Thursday, March 28, 2013

The Sea of Tranquility by Katja Millay


Published: June 4th, 2013
Publisher: Atria Books
Pages: 448
Copy: Publisher via Netgalley
Summary: Goodreads

I live in a world without magic or miracles. A place where there are no clairvoyants or shapeshifters, no angels or superhuman boys to save you. A place where people die and music disintegrates and things suck. I am pressed so hard against the earth by the weight of reality that some days I wonder how I am still able to lift my feet to walk.

Former piano prodigy Nastya Kashnikov wants two things: to get through high school without anyone learning about her past and to make the boy who took everything from her—her identity, her spirit, her will to live—pay.

Josh Bennett’s story is no secret: every person he loves has been taken from his life until, at seventeen years old, there is no one left. Now all he wants is be left alone and people allow it because when your name is synonymous with death, everyone tends to give you your space.

Everyone except Nastya, the mysterious new girl at school who starts showing up and won’t go away until she’s insinuated herself into every aspect of his life. But the more he gets to know her, the more of an enigma she becomes. As their relationship intensifies and the unanswered questions begin to pile up, he starts to wonder if he will ever learn the secrets she’s been hiding—or if he even wants to.

The Sea of Tranquility is a rich, intense, and brilliantly imagined story about a lonely boy, an emotionally fragile girl, and the miracle of second chances.

Review

The Sea of Tranquility blew me away.  It was so unexpected I just sat in my seat when I finished it and thought Wow!  I wanted to go back to the beginning and start reading it all over again.  I had actually decided a few weeks ago that I wasn't going to read it.  You know what it's like - we have so many arcs to read that some of them have to go and I had decided this was one of them.  Then I hit the wrong title on my Ipad and started reading without realising which book it was and I Could. Not. Stop.

There is an intensity in the way Ms Millay writes that just captured my attention immediately and I was completely hooked.  Part of the appeal I think was that not all of my questions were answered straight away.  We know that something dreadful has happened to Nastya, but we are handed only tidbits of information at a time.  This allows the reader to really get inside the character and to feel her pain without ever really understanding it.  She is crippled by it and struggles to get through every day with only thoughts of revenge to keep her going.

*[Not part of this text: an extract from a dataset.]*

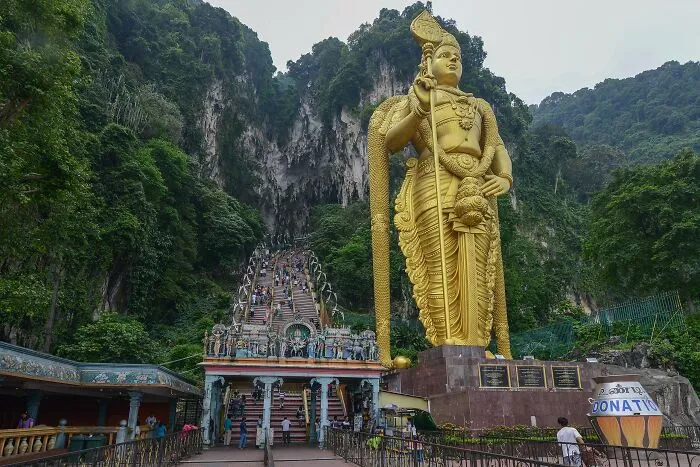 Golden statue sculpture at the entrance of Batu Caves, a spectacular travel bucket list destination surrounded by lush greenery.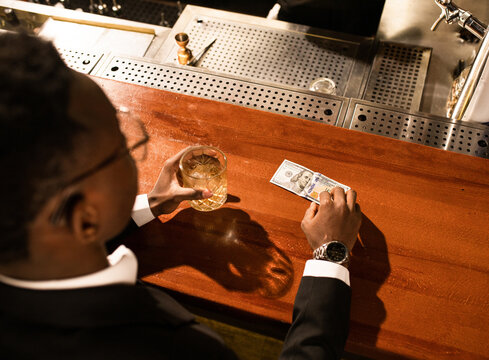 The man at the bar concept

'I live in a world without magic or miracles.  A place where there are no clairvoyants or shapeshifters, no angels or superhuman boys to save you.  A place where people die and music disintegrates and things suck.  I am pressed so hard against the earth by the weight of reality that some days I wonder how I am still able to lift my feet to walk.' (P36 - from arc)

Josh's pain is more easy to relate to because we find out the reasons for it more quickly.  We can sympathise with his emotions and feel for him.  I found myself feeling protective of him - a little like the way he feels about Nastya.  Their attraction is of course inevitable, but never feels forced or contrived.  They are two tortured souls who have to find each other.

'....she's back to wandering around my garage again.  Studying.  I feel like grabbing my crotch and checking to see if my balls are still there, because I think they may be in her pocket and I need to get them back.'  (p135 from arc)

The story is not just about Nastya and Josh - a lot of what I liked was the emotional growth of Drew.  We realise very early on that there is much more to him than his playboy image and I enjoyed following his arc in the story. Clay is another character that I felt I connected with on several levels, but to be honest every one of them felt real.  I would seriously love to go to Sunday dinner at the Leighton's house.

The Sea of Tranquility was an emotional powerhouse of a novel that sucked me in from start to finish and left me feeling wrung out, yet satisfied with the conclusion.  A wonderful, wonderful book that offers up the beauty of second chances and convinces you they should be taken.  Read it and love it.


Foot note: Mark this one as an ISU possibility. There is more than enough in it to fit the bill.. I do realise that the quotes are from the arc and may change.

1 comment:

  1. You are so write about the intensity of the writing of The Sea of Tranquility. It's so intense. I had a hard time putting that book down until I finished it.